CHRISTOPHER SMITH Sewell Barn, Norwich

CHRISTOPHER SMITH

> Sewell Barn, Norwich

Nightmares come to life in this gripping drama by Peter Shaffer that is being performed, aptly enough, in the Sewell Barn with its Black Beauty associations.

Hearing of a hideous real-life incident in which horses were blinded in their stable, the author imagined a play about a psychiatrist trying to treat the teenager who committed the crime.

The temptation is to say he was responsible for the cruel deed.

But we are forced to question that view again and again. Eventually it becomes clear the dice were always loaded against the youth.

Others made him what he is, though they could never foresee how things might turn out.

Then the situation becomes far more interesting.

The psychiatrist at the end of his tether in mid career is played by Asa Cannell, with an increasing sense of desperation.

Disillusioned, he is beset with doubt. This is intriguing enough, even though no one will deny that the sullen, truculent Alan (Benjamin Henson) does need help.

Director Michelle Montague keeps up the intensity of the play.
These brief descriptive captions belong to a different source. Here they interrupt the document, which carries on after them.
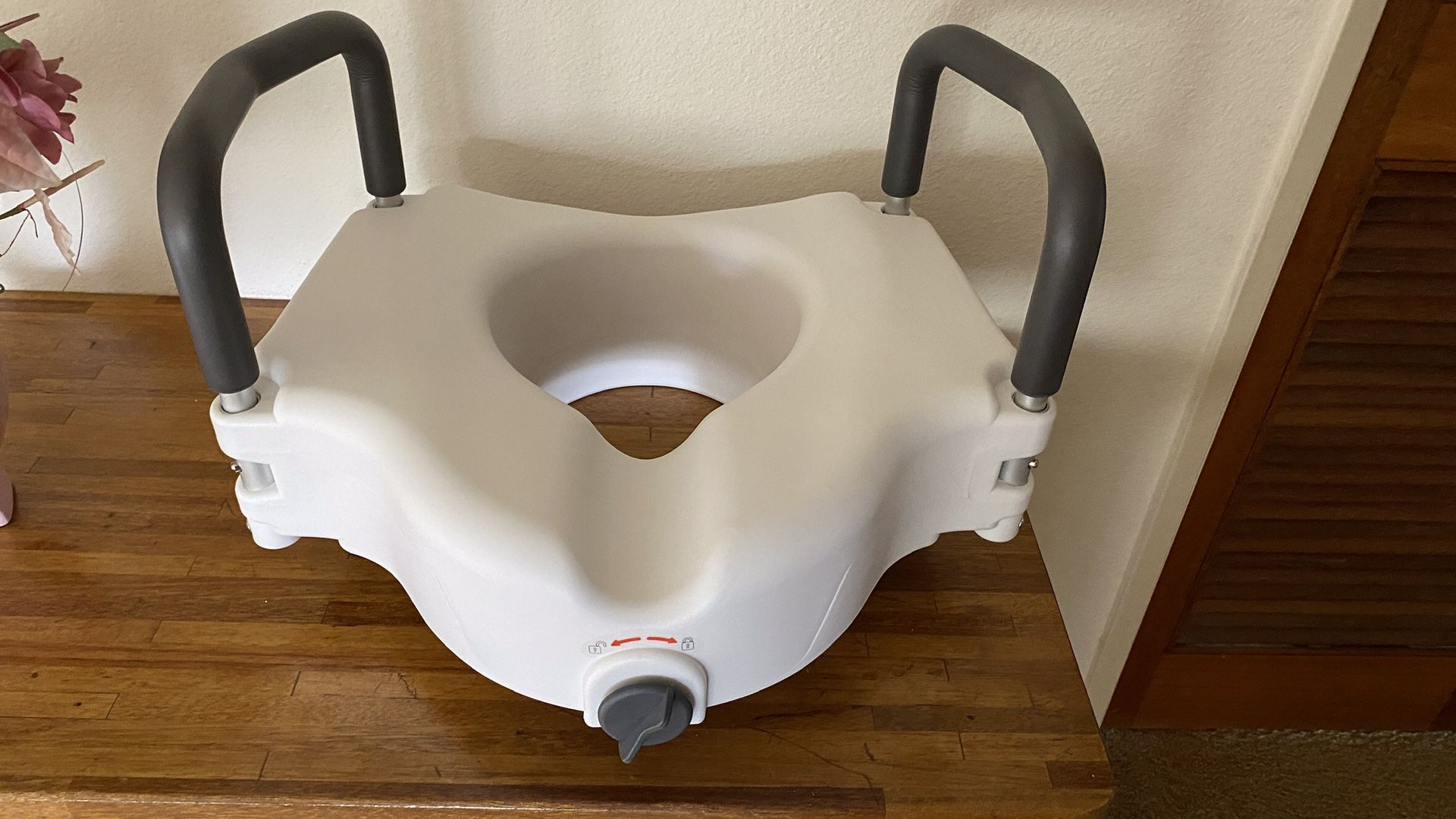 Drive Medical RTL12027RA 2in1 Raised Toilet Seat with Removable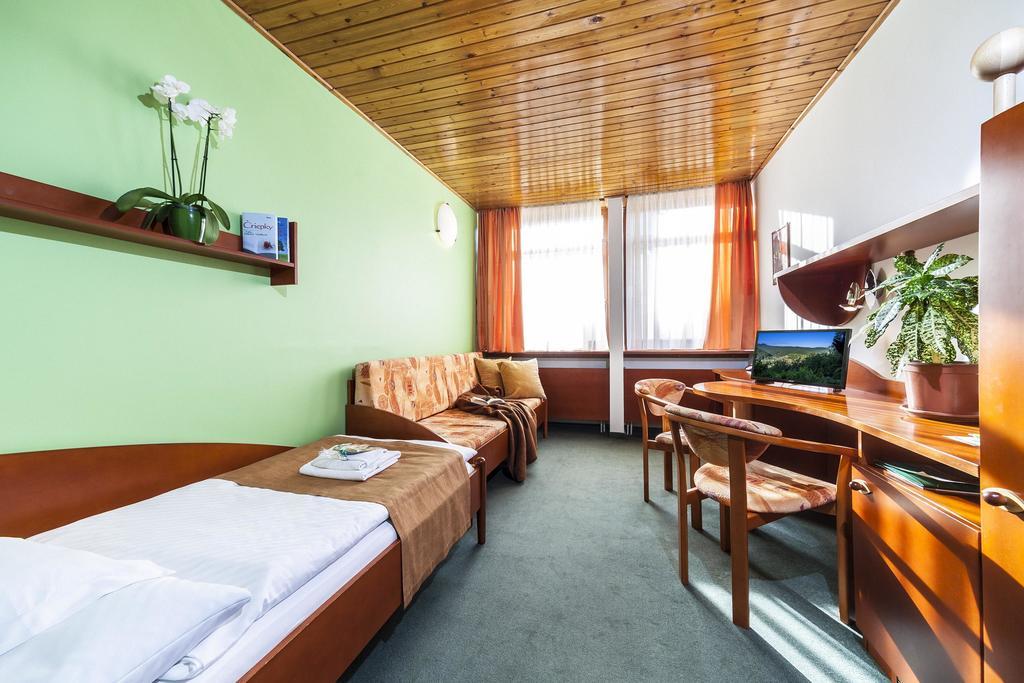 Hotel Flora Trenčianske Teplice Dış mekan fotoğraf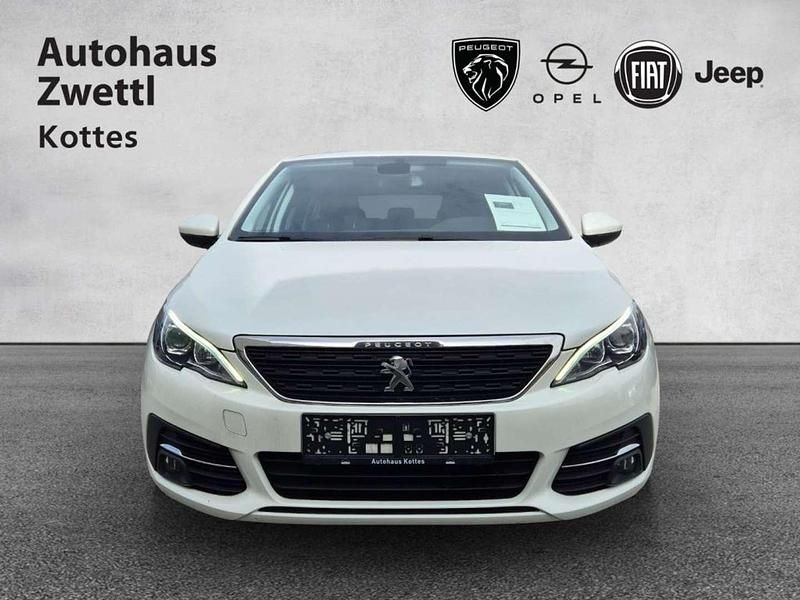 Gebraucht Peugeot 308 SW Active 131 PS (96 kW) 2021 Weiß Kombi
Everything is in focus as we look down on the confrontations as they are acted out in intense scenes.

Pools of light seem to suggest the glimpses that we are being given of the matters hidden in the dark recesses of the mind.

The metaphorical baring of souls is strikingly reflected in undressing, and all around are images of horses and the sounds of clattering hooves.

In this clever, intriguing and disturbing piece of theatre, ideas and words become flesh and blood.